▸ **Exercise directions**
Lines from the one with "וויליס דובדבן (Pack)" up to and including the one with "Iced Lemon Pound Cake" are to be copied exactly from the records below, without their pictures.

▸ **Material provided**
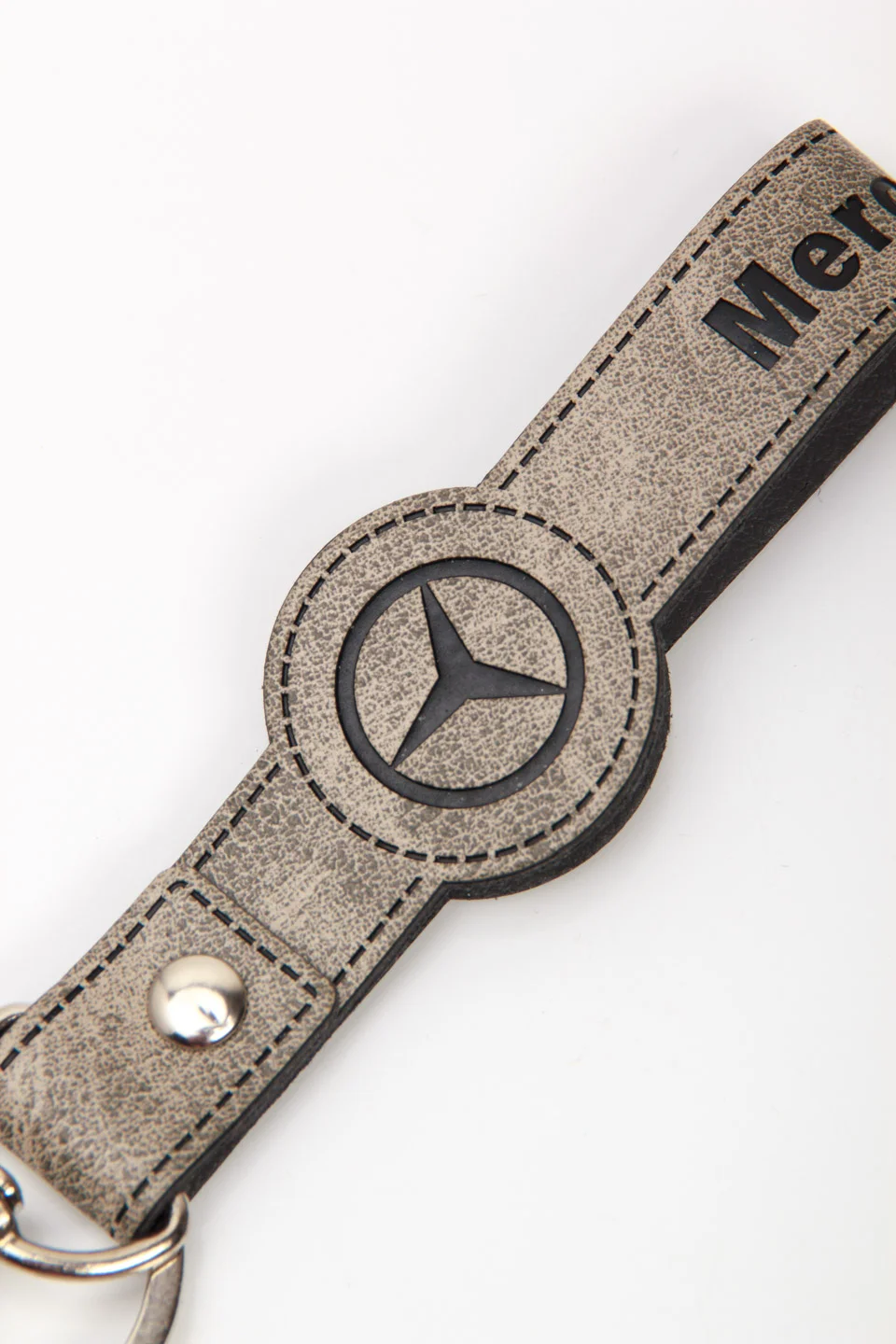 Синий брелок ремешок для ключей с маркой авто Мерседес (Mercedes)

==

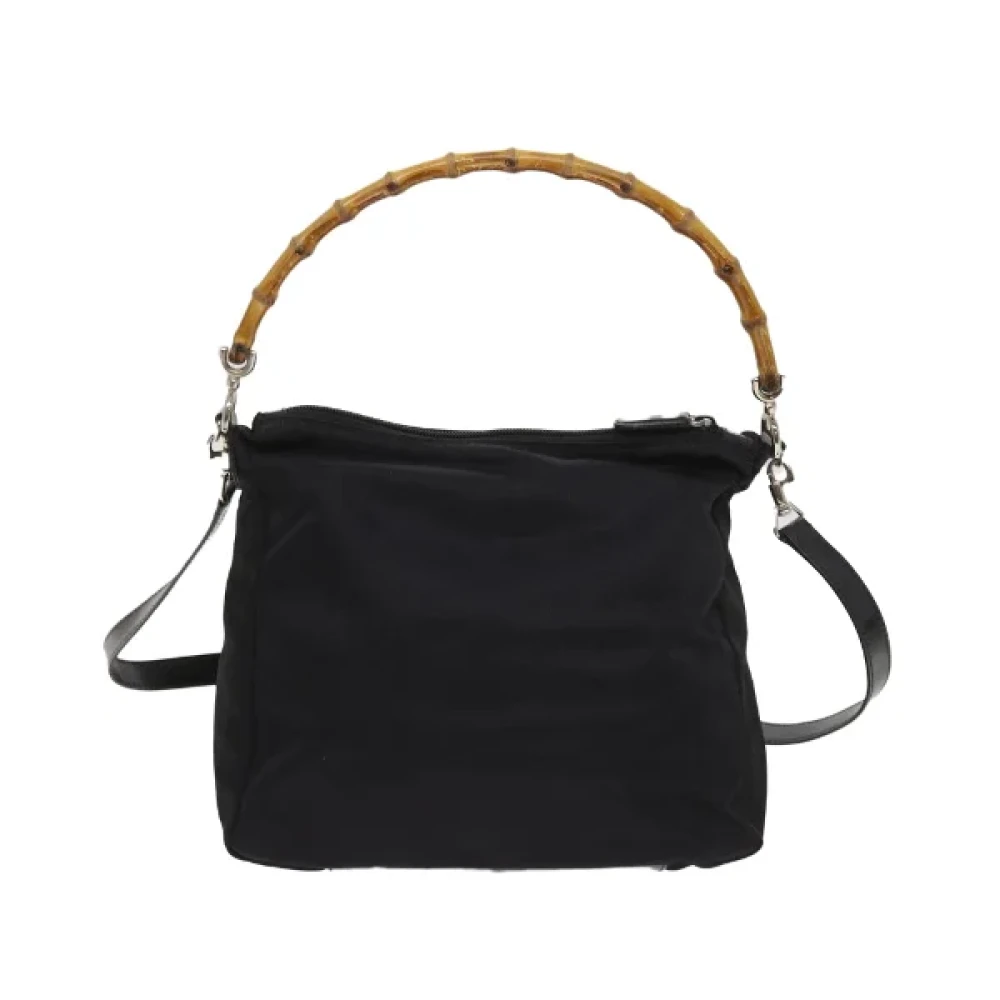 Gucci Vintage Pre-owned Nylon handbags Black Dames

---

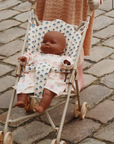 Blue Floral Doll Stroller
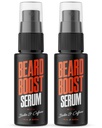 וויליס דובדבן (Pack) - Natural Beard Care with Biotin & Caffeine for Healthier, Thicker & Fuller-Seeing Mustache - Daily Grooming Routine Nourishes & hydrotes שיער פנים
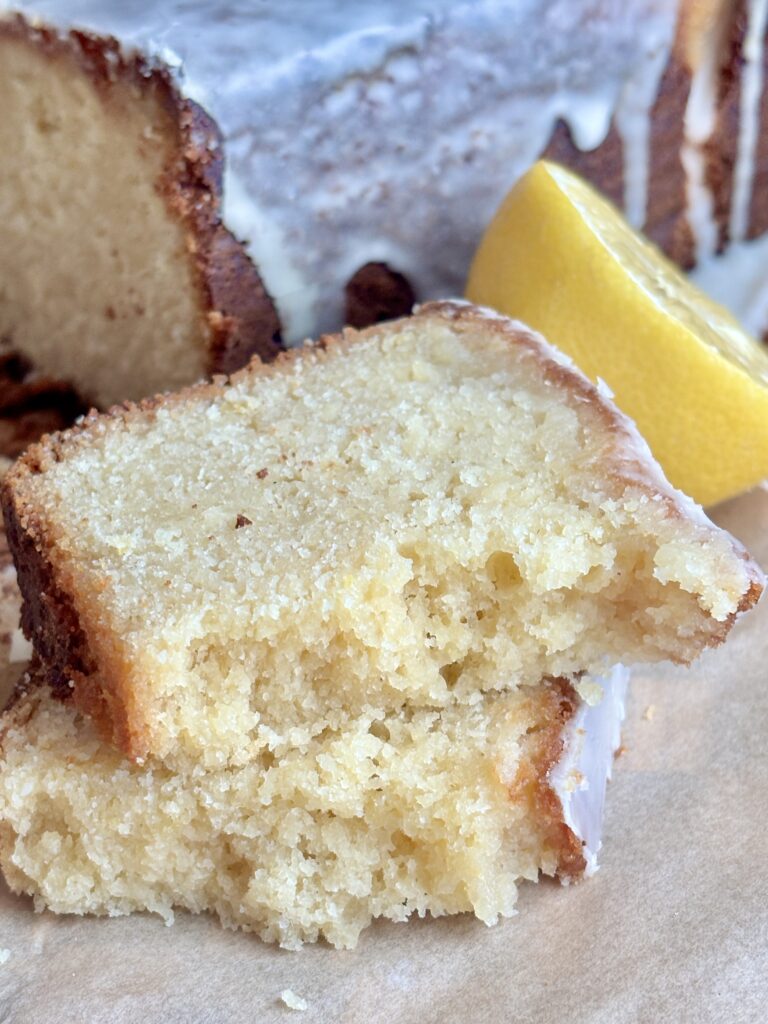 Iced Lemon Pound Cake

▸ **Your solution**
 וויליס דובדבן (Pack) - Natural Beard Care with Biotin & Caffeine for Healthier, Thicker & Fuller-Seeing Mustache - Daily Grooming Routine Nourishes & hydrotes שיער פנים
 Iced Lemon Pound Cake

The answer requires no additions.